- _TASK TO CARRY OUT_
Below are some entries. Repeat exactly the lines from the one with "Tuổi trẻ Đắk" through the one with "casa indipendente in vendita a Segrate", and only those.

- _INPUT DATA_
—————

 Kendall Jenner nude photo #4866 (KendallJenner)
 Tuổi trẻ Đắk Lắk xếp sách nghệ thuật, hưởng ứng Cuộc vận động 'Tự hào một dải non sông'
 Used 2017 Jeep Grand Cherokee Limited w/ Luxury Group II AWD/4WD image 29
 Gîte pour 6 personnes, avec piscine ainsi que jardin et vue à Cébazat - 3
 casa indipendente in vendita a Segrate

—————

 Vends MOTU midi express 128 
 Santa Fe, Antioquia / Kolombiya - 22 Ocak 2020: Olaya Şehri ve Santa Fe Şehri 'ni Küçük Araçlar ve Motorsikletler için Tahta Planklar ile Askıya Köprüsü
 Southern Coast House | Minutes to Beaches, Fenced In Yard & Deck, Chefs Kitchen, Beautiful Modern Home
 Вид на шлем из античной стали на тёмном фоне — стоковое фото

—————

- _EXERCISE RESPONSE_
 Tuổi trẻ Đắk Lắk xếp sách nghệ thuật, hưởng ứng Cuộc vận động 'Tự hào một dải non sông'
 Used 2017 Jeep Grand Cherokee Limited w/ Luxury Group II AWD/4WD image 29
 Gîte pour 6 personnes, avec piscine ainsi que jardin et vue à Cébazat - 3
 casa indipendente in vendita a Segrate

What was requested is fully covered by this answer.